Rekam Fakta, Gorontalo – Memperingati Hari Anak Nasional (HAN) 2026 yang jatuh pada Kamis (23/7/2026), Ketua Komisi I DPRD Kabupaten Bone Bolango, Rakhmatiyah Deu, mengajak seluruh elemen masyarakat untuk bersama-sama melindungi dan memenuhi hak-hak anak melalui kolaborasi antara orang tua, sekolah, Dinas Pendidikan, pemerintah daerah, serta lingkungan sekitar.
Menurut Rakhmatiyah, Hari Anak Nasional tidak boleh dimaknai hanya sebagai seremoni tahunan. Momentum tersebut harus menjadi pengingat bagi seluruh pihak untuk memperkuat komitmen dalam menciptakan lingkungan yang aman, nyaman, penuh kasih sayang, dan mendukung tumbuh kembang anak secara optimal.
Sebagai Ketua Komisi I DPRD Bone Bolango yang membidangi pendidikan, perempuan, dan perlindungan anak, ia menegaskan bahwa anak merupakan aset sekaligus harapan bangsa yang akan menentukan masa depan Indonesia.
“Anak-anak adalah cahaya masa depan bangsa. Mari kita jaga dan bimbing mereka dengan kasih,” ujar Rakhmatiyah.
Ia mengatakan, perlindungan terhadap anak tidak cukup diwujudkan melalui regulasi atau program pemerintah semata. Anak membutuhkan lingkungan yang mendukung, mulai dari keluarga, sekolah, hingga masyarakat.
Menurutnya, keluarga merupakan tempat pertama bagi anak belajar tentang kasih sayang, nilai-nilai moral, serta pembentukan karakter. Sementara sekolah memiliki peran penting dalam mengembangkan kemampuan intelektual, kreativitas, dan membentuk pribadi yang tangguh serta berakhlak.
Di sisi lain, pemerintah daerah bersama Dinas Pendidikan memiliki tanggung jawab memastikan layanan pendidikan berjalan dengan baik, aman, inklusif, dan ramah anak.

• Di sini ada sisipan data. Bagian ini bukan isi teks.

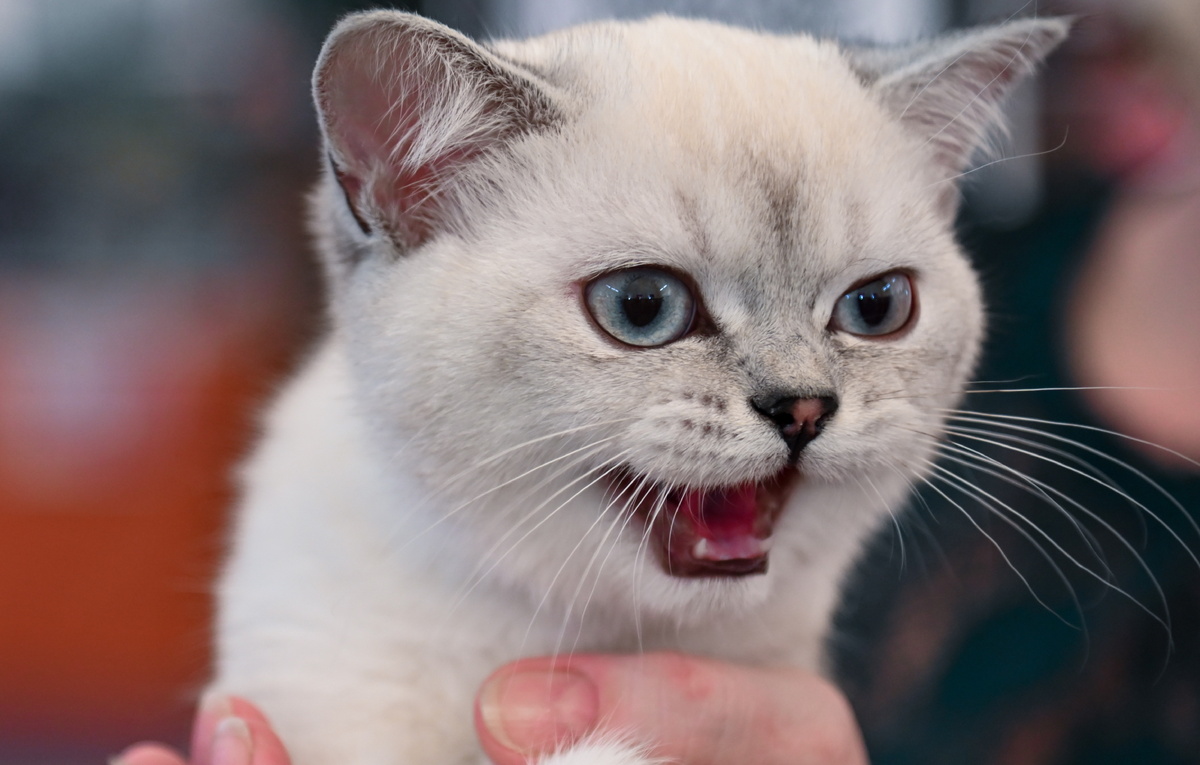 Игорь Онучин/ТАСС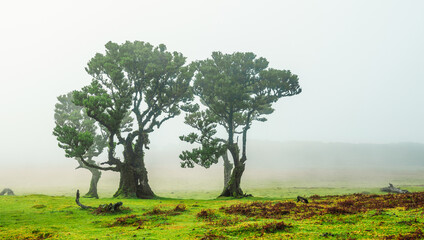 Fanal Forest. Misty forest in Fanal.  Old laurel tree in laurel tree forest in madeira in Portugal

Karena itu, ia menilai kolaborasi semua pihak menjadi kunci dalam menciptakan generasi yang sehat, cerdas, berkarakter, dan terlindungi dari berbagai bentuk kekerasan maupun diskriminasi.
“Hari ini kita rayakan senyum anak Indonesia, tapi esok dan seterusnya mari kita perjuangkan hak dan kebahagiaan mereka,” tegas politisi yang dikenal sebagai Srikandi DPRD Bone Bolango tersebut.
Rakhmatiyah juga berharap seluruh lembaga pendidikan, mulai dari PAUD hingga sekolah menengah, terus menghadirkan ruang belajar yang aman, nyaman, inklusif, dan mampu mengembangkan potensi setiap anak tanpa membedakan latar belakang sosial maupun ekonomi.
Selain itu, ia mendorong Dinas Pendidikan untuk terus memperkuat program peningkatan mutu pendidikan yang dibarengi dengan penguatan pendidikan karakter, penanaman nilai toleransi, serta menciptakan lingkungan sekolah yang bebas dari perundungan (bullying).
Ia juga mengajak para orang tua untuk terus mendampingi proses tumbuh kembang anak dan tidak menyerahkan sepenuhnya tanggung jawab pendidikan kepada sekolah.
“Kolaborasi harus terus dibangun antara orang tua, sekolah, Dinas Pendidikan, dan pemerintah daerah. Ketika semua bergerak bersama, kita tidak hanya mencetak anak-anak yang berprestasi, tetapi juga melahirkan generasi yang berkarakter, berakhlak, dan siap menghadapi tantangan masa depan,” ujarnya.
Mengakhiri pesannya, Rakhmatiyah mengajak seluruh masyarakat menjadikan Hari Anak Nasional sebagai momentum untuk memperkuat kepedulian terhadap pemenuhan hak-hak anak.
“Anak-anak bukan sekadar penerus, tetapi juga pewaris harapan bangsa. Tugas kita hari ini adalah memastikan mereka memperoleh perlindungan, pendidikan yang berkualitas, serta kesempatan untuk tumbuh menjadi generasi yang lebih baik dari generasi sebelumnya,” pungkasnya.